The Micro Jig GRR-Ripper. I now own 2.

It did not improve my work or make me a better woodworker, and I'm always looking to improve.

It does make ripping thin stock easier and much safer.


----------



## b2rtch (Jan 20, 2010)

I have the Micro Jig Thin Kerf SteelPRO and I alos "love" them, great tool


----------



## whitebeast88 (May 27, 2012)

probably my used delta jointer off craiglist.didn't realize how useful a jointer is until i started using it.


----------



## barringerfurniture (Sep 17, 2013)

Band saw!

Before that, all my curved pieces had to be cut rough first with a jigsaw, then I had to make a pattern out of mdf (also with a jigsaw), then clean that up by sanding, then clamp it to the rough-cut piece, then run a flush trim bit. PITA! That was all to avoid flare-out of the jigsaw blade around curves.

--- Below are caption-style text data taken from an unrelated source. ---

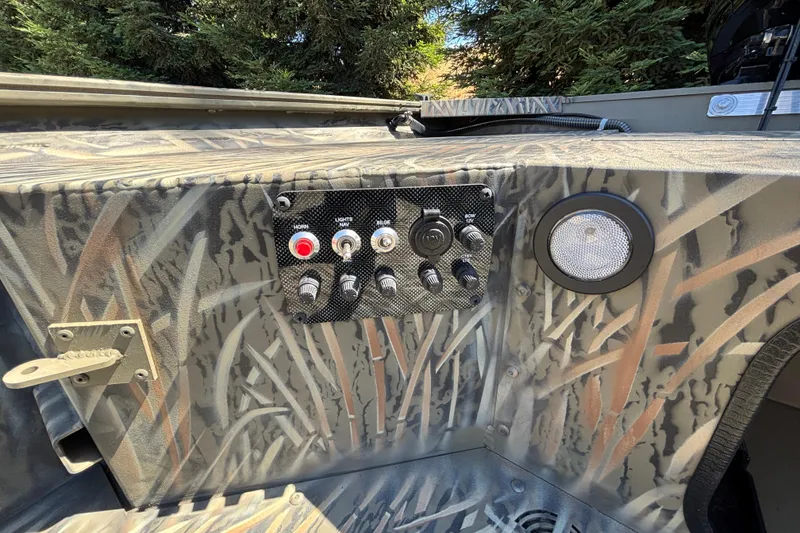 Slide: The Image of 2026 Tracker Grizzly 1654 T Sportsman boat control panel with camouflage design and switches. - 19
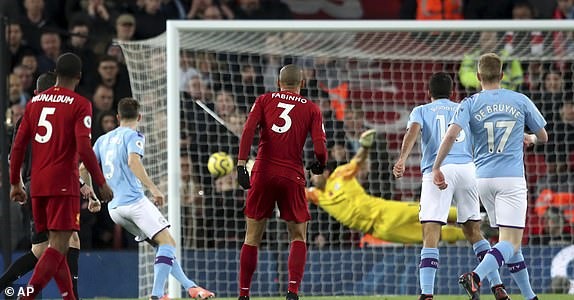 Fabinho mở tỉ số. Ảnh: Reuters & PA.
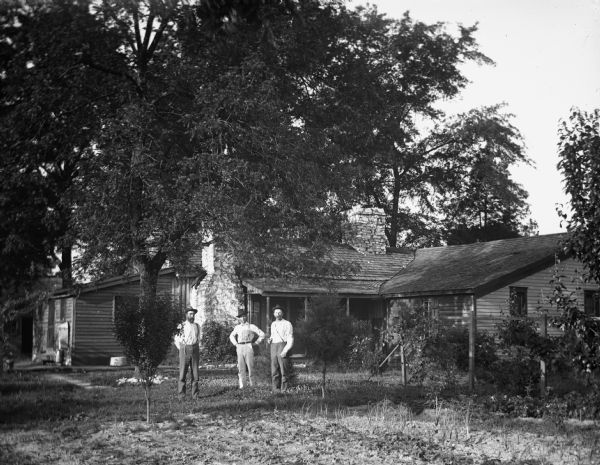 Ernst Goetsch, Paul C. Goetsch, and Alexander Krueger standing in front of the home of Paul C. Goetsch. Large trees surround the house.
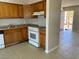 Kitchen boasts wood cabinets, white appliances, and tile flooring at 805 Slayton Dr, Las Vegas, NV 89107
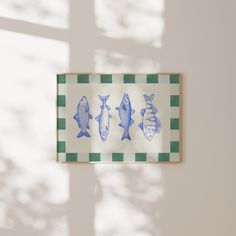 three blue fish on a green and white checkerboard pattern framed in wooden frame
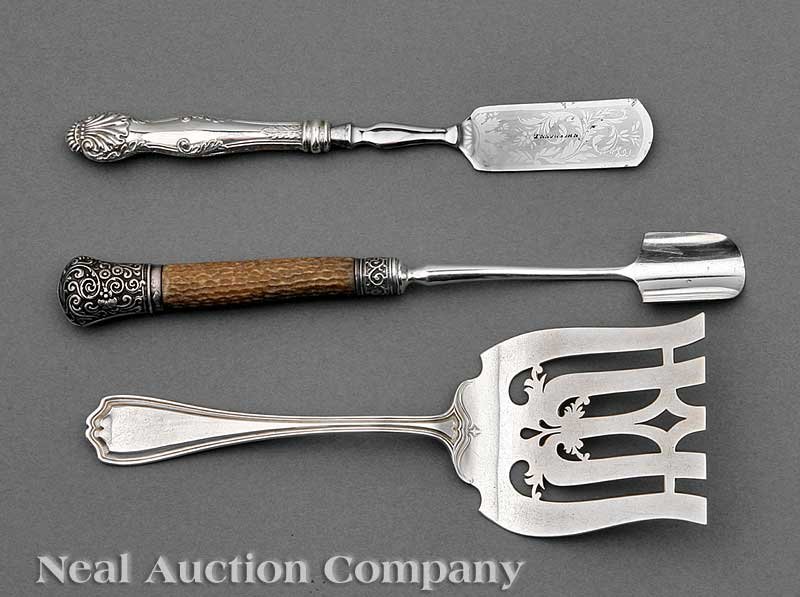 Group of Silver Serving Pieces: A Good Group of Silver Serving Pieces, including a sterling silver asparagus fork, Reed & Barton, Taunton, MA, 1840 to present, "Hepplewhite" pattern, pat. 1907; a sterling silver soup ladle, Simpson,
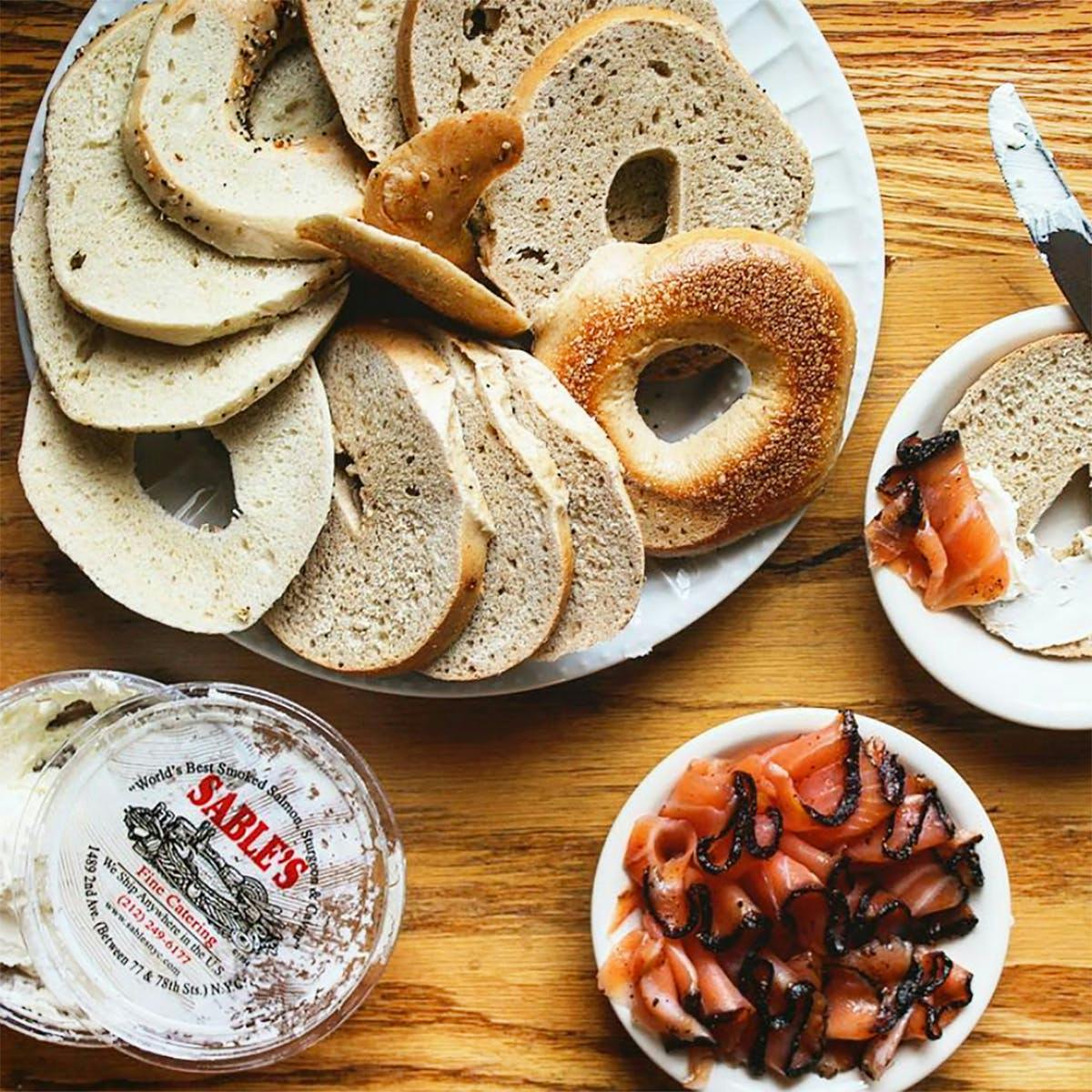 https://goldbelly.imgix.net/uploads/showcase_media_asset/image/89735/sables-smoked-fish-and-bagel-brunch-for-6.87294e857f76cb07ba5357c0ab93e863.jpg?ixlib=rails-3.0.2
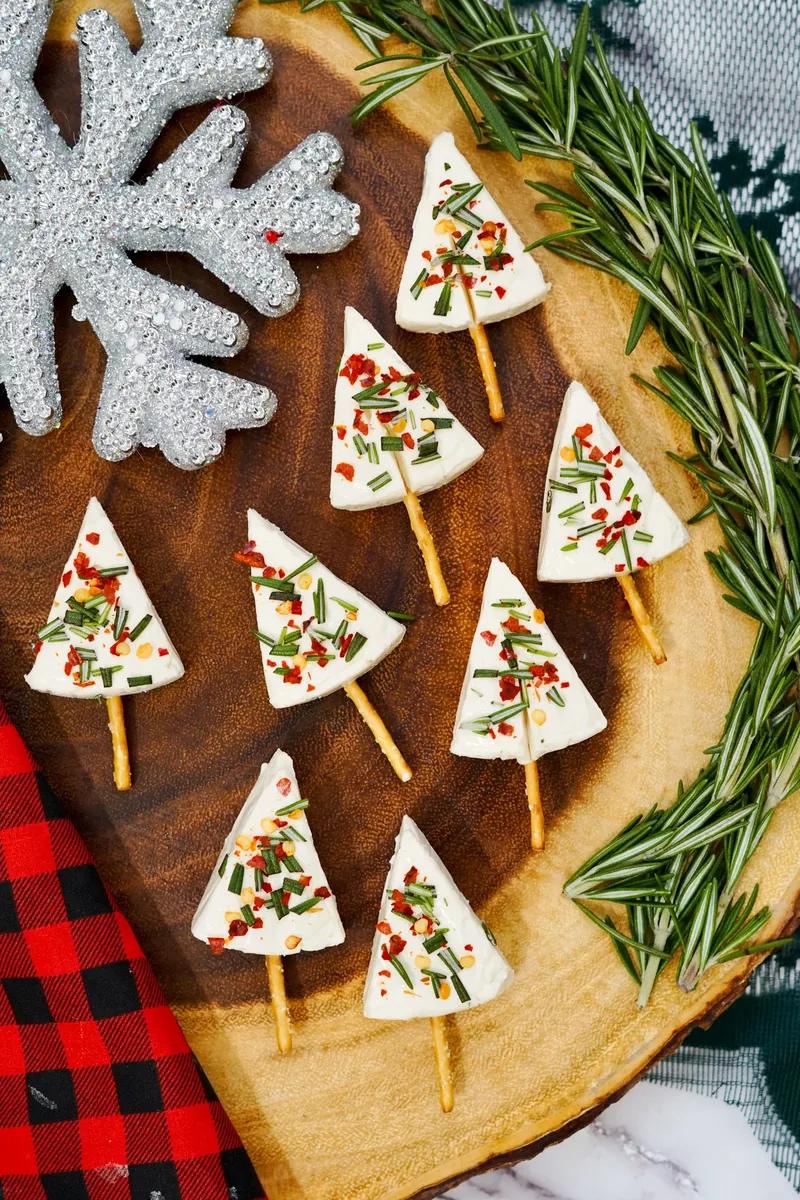Multiple Christmas tree cheese appetizers arranged on rustic wooden board with rosemary garnish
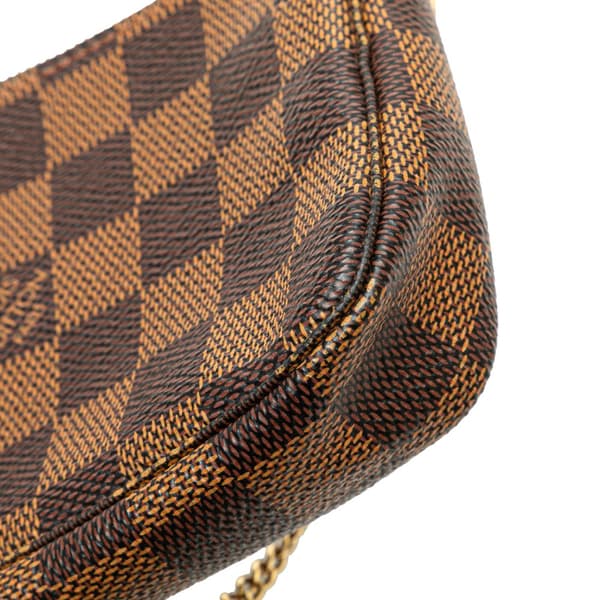 Pre-owned Louis Vuitton Damier Ebene Mini Pochette Accessoires Brown
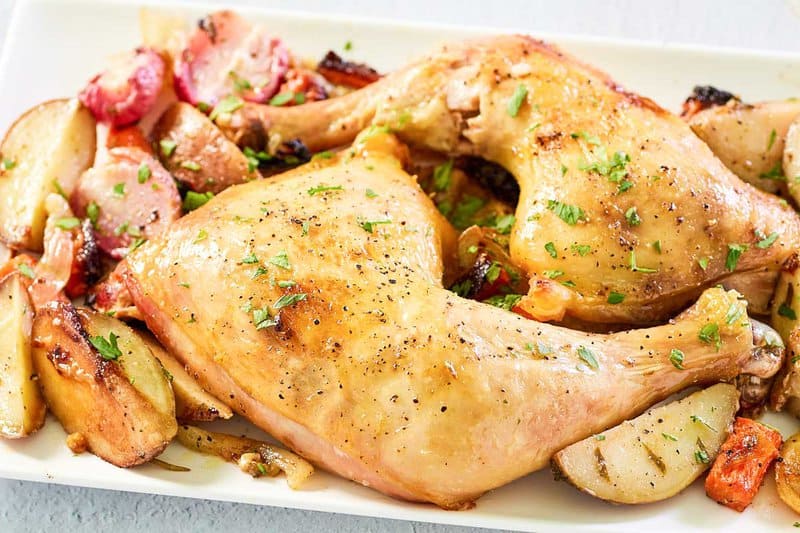 two baked chicken leg quarters and vegetables on a platter.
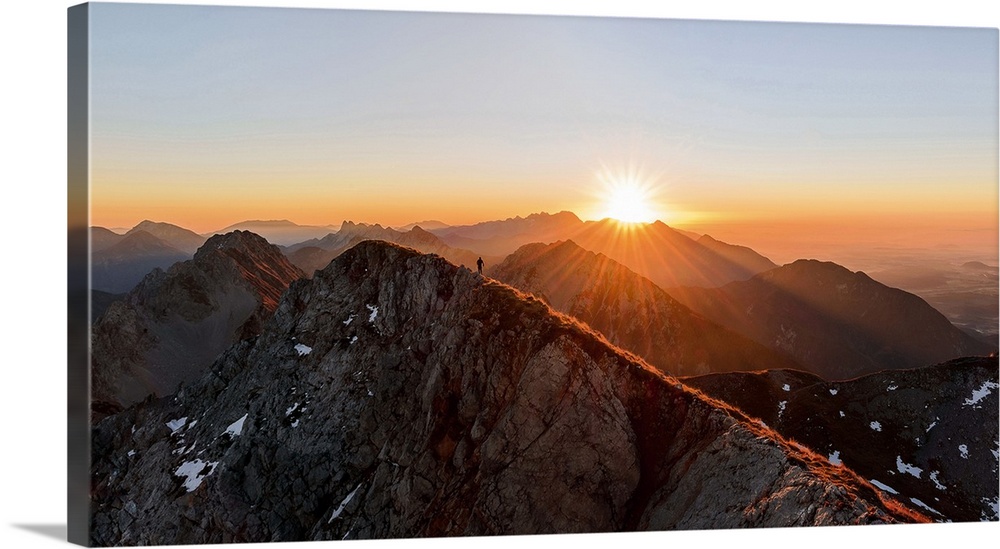 A man running on the ridge of a mountain as the sun rises over the peaks, Stol, Slovenia.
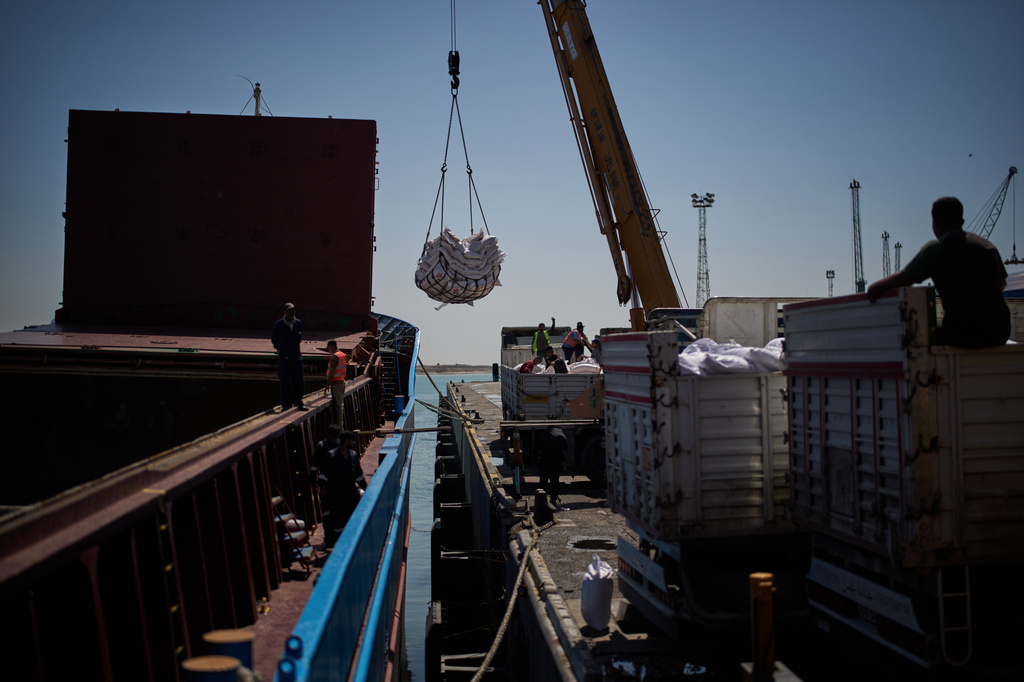 Workers offload cargo of rice from a feeder vessel into trucks at Umm Qasr Port, a deep-water port, in the city of Umm Qasr, Iraq, Friday, March 27, 2026. (AP Photo/Leo Correa)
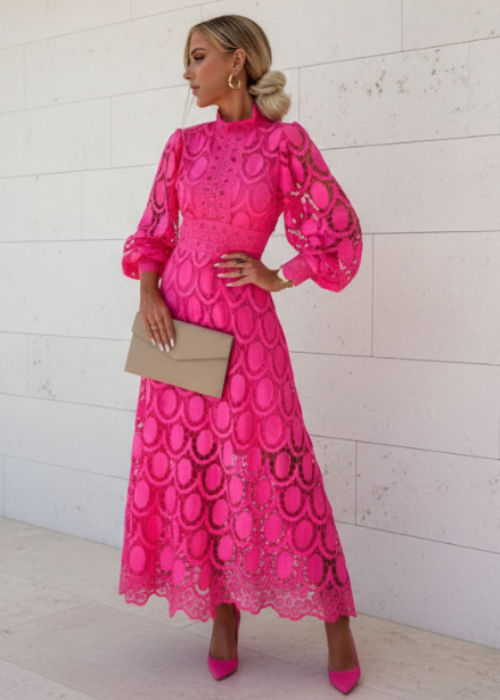Woman wearing a bright pink lace dress against a white wall.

I can also cut some of my tenons on the band saw now which is easier sometimes. But perhaps the hugest benefit of the band saw for me is resawing. I resaw close to the desired thickness, then either hand plane or run through the planer without killing myself (or the planer).

I can make ogee bracket legs now. Can cut curves in stock thicker than 1" now, etc. Absolutely love it. It's a Porter Cable.


----------



## b2rtch (Jan 20, 2010)

I am shopping for a 18"band saw.
I would like to find a used one but I just can't find one in Utah.
I am now looking at a Rikon for $999.00


----------



## mantwi (Mar 17, 2013)

Vega Pro 40" saw fence. It's my second Vega fence, the first came on a Powermatic 63 Artisan saw years ago. It's a vast improvement over the fence that came on the 22 year old Grizzly 1023 I restored.


----------



## dan81 (Dec 17, 2012)

My hands down favorite tool of this year is my Lee Valley Bevel-Up Jointer hand plane. The thing is so easy to adjust and work with. I bought the PM-V11 blade. I like it a lot.


----------



## Jim584 (Oct 6, 2013)

Most definitely my new tablesaw. My accuracy improved tremendously and also the variations of jigs I can now use.


----------



## Tedstor (Mar 12, 2011)

Kreg Pocket hole jig. Best $35 I've spent in a long time.


----------



## Loren (May 30, 2008)

Bert, I've seen machines in Utah and Nevada auctioned off
sometimes for very reasonable prices on Machinerymax.com 
- you just have to look once or twice a week and check
the locations for the shop liquidations they do now and then.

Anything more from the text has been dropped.